Building a better training dataset is one of the quiet infrastructure improvements that would move the field the most. Every generator is partly a reflection of the biases in its training data.
Evaluation is hard
3D generators are notoriously difficult to evaluate. There is no single metric that captures “this is a good drug design generator.” The standard evaluation protocol pulls together several complementary metrics:
- Validity. Does the generated structure parse into a valid molecule with reasonable geometry?
- Drug-likeness (QED). Is it in the chemical space associated with real drugs?
- Synthetic accessibility (SAS). Could a chemist actually make it?
- Docking score. When redocked into the pocket, does it bind? This is the closest thing to a task-specific metric.
- Diversity. Do repeated runs explore different chemistry or do they collapse to the same mode?
- Uniqueness from training. Are the generated molecules novel, or is the model just recalling its training set?
A model can do well on validity and QED while doing poorly on diversity and novelty, or vice versa.
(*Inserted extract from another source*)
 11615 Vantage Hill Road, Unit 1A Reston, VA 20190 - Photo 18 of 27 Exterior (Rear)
When you read a paper that reports a single number, ask what else it is hiding. When you run your own evaluation, compute all of the metrics above and look at them together.
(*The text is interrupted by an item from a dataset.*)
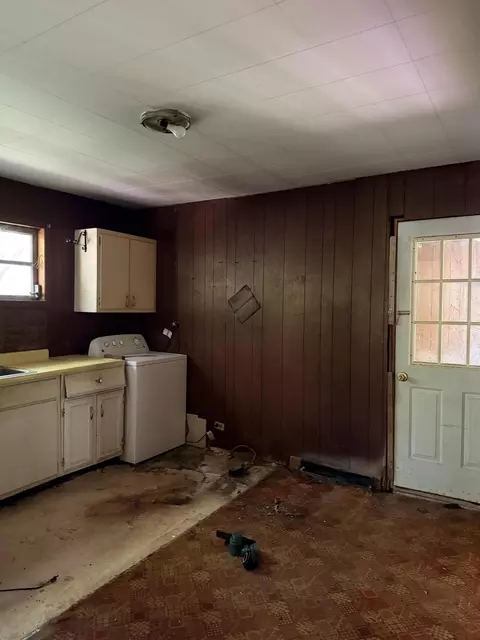 Kitchen - 329 State Highway 522, Baxter, KY 40806 photo 2 of 5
How to integrate diffusion into a real pipeline
Diffusion generators work best as the first stage of a longer pipeline. On their own they produce interesting candidates but do not account for developability, synthesis, or specific property targets. The pipeline pattern that works in practice:
- Step 1: Define the pocket. Use a crystal structure if you have one, or a prediction from a structural model like Boltz-2 if you do not.
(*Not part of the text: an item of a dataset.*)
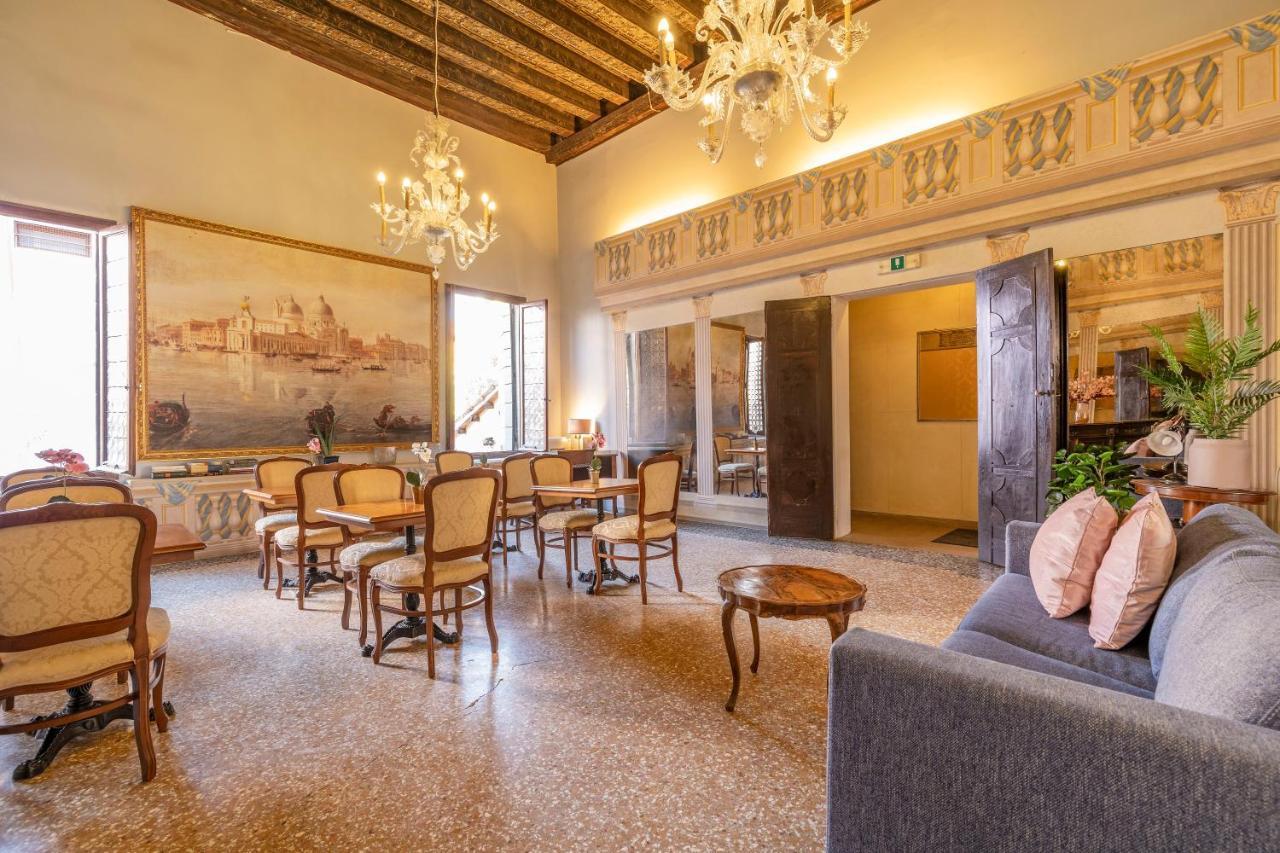 Residenza Centopietre - Dorsoduro By Wonderful Italy เวนิส ภายนอก รูปภาพ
- Step 2: Generate with the diffusion model. Sample a few hundred candidates per pocket.
- Step 3: Filter aggressively on drug-likeness, synthesis score, and forbidden motifs.
- Step 4: Dock survivors with a traditional docking program to validate pose.
- Step 5: Rank with an ML binding predictor or a physics-based scoring function.
- Step 6: Pass the top 10 through a chemistry LLM like TxGemma for a written rationale.
- Step 7: Human chemist review.
For a hands-on walkthrough of this exact pipeline on SciRouter, see the pocket-to-lead tutorial.
Open problems
Property control
Diffusion generators do not let you say “please produce molecules with logP between 2 and 4.” Classifier-guided diffusion offers a path but is computationally expensive and still in active research.
Explicit multi-objective optimization
Real drug discovery has many competing objectives (potency, selectivity, solubility, metabolism). Diffusion models do not handle multi-objective optimization as naturally as RL methods do.
Synthesis-aware generation
Building synthetic accessibility into the generator itself rather than filtering after the fact is an active research area. Early results suggest it is possible but not yet production-ready.
Rare and novel chemistries
Generators are biased toward the training distribution. If your target needs unusual chemistry that is under- represented in CrossDocked, the generator will under-serve you.
Where SciRouter fits
SciRouter's job is to take all of this infrastructure off your plate. You call DiffSBDD through a managed endpoint, pass a pocket, and get candidates. You chain into Boltz-2, an ADMET predictor, TxGemma, and whatever else you need — all through a single API. You do not provision GPUs, you do not manage weights, and you do not write glue code between four different research repositories.
For a broader overview of the structure-based AI playbook, see our structure-based drug discovery AI playbook.
Bottom line
3D drug design with diffusion models is real, mature enough to be useful in production, and still rapidly improving. The winning pattern is to treat the generator as the first stage of a longer pipeline, to evaluate across multiple metrics rather than chasing a single number, and to keep humans and physics-based models in the loop for validation.